# [RECORD SET]
◆ ◆ ◆

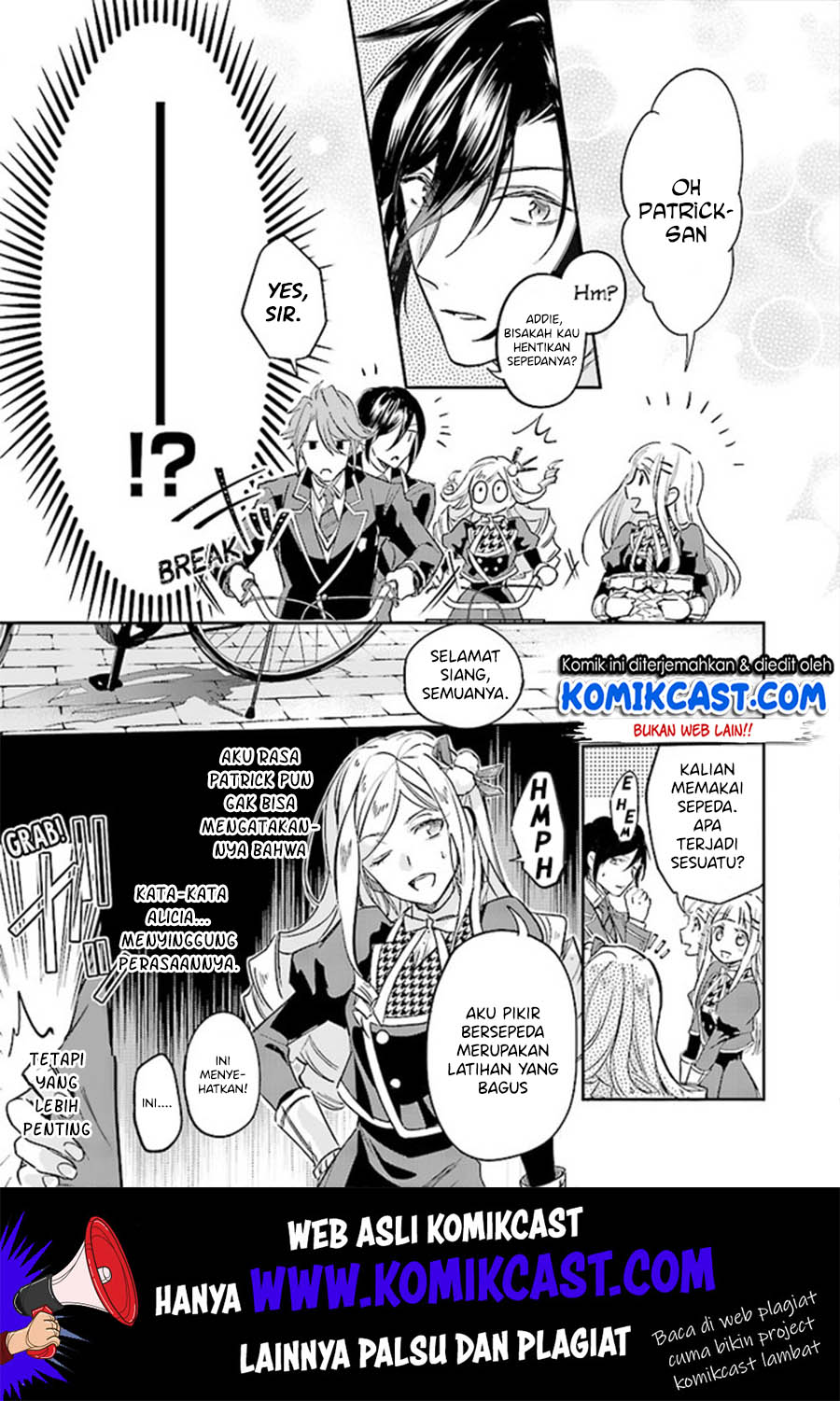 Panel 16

◆ ◆ ◆

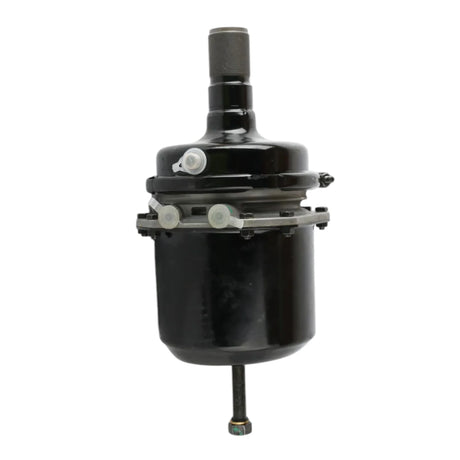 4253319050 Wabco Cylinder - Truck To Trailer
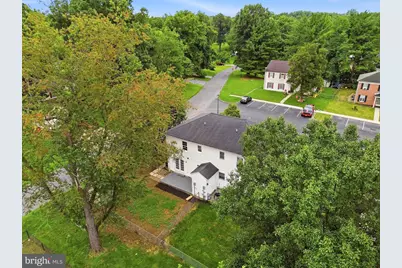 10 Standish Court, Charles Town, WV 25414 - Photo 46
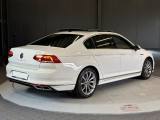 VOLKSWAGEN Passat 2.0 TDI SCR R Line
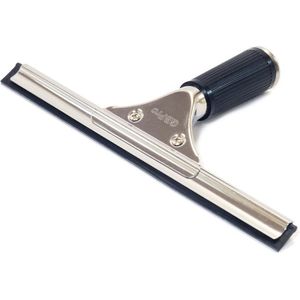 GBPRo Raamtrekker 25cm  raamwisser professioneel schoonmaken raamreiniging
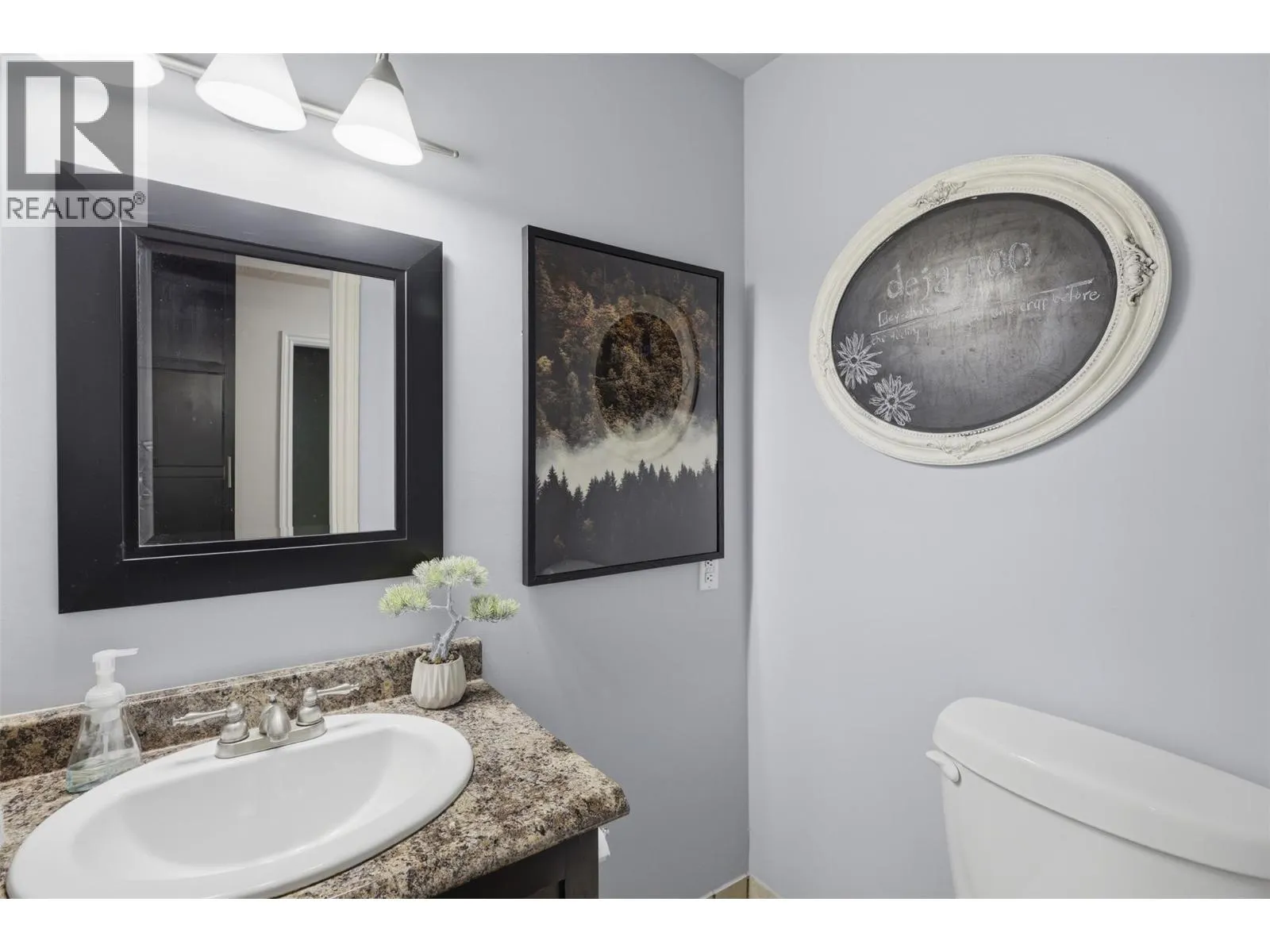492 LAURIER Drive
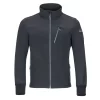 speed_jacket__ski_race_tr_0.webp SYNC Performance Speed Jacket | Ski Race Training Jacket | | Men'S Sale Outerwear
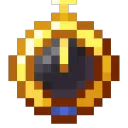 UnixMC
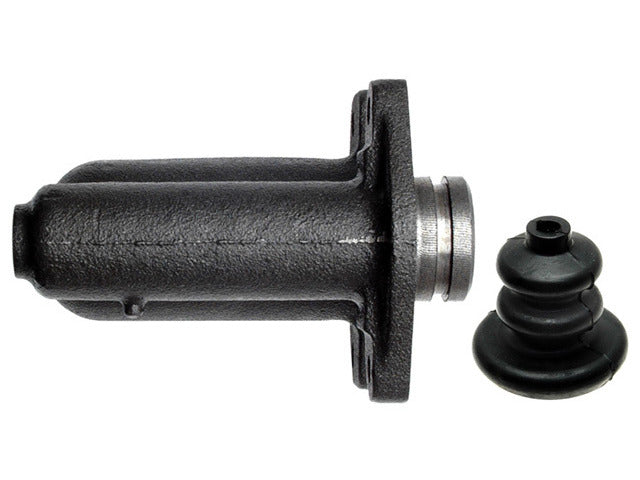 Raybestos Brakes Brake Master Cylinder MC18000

◆ ◆ ◆

For this task, return exactly the stretch of the listing above from the line with "10 Standish Court, Charles" through the line with "Raybestos Brakes Brake", inclusive and without pictures.

 10 Standish Court, Charles Town, WV 25414 - Photo 46
 VOLKSWAGEN Passat 2.0 TDI SCR R Line
 GBPRo Raamtrekker 25cm  raamwisser professioneel schoonmaken raamreiniging
492 LAURIER Drive
 speed_jacket__ski_race_tr_0.webp SYNC Performance Speed Jacket | Ski Race Training Jacket | | Men'S Sale Outerwear
 UnixMC
 Raybestos Brakes Brake Master Cylinder MC18000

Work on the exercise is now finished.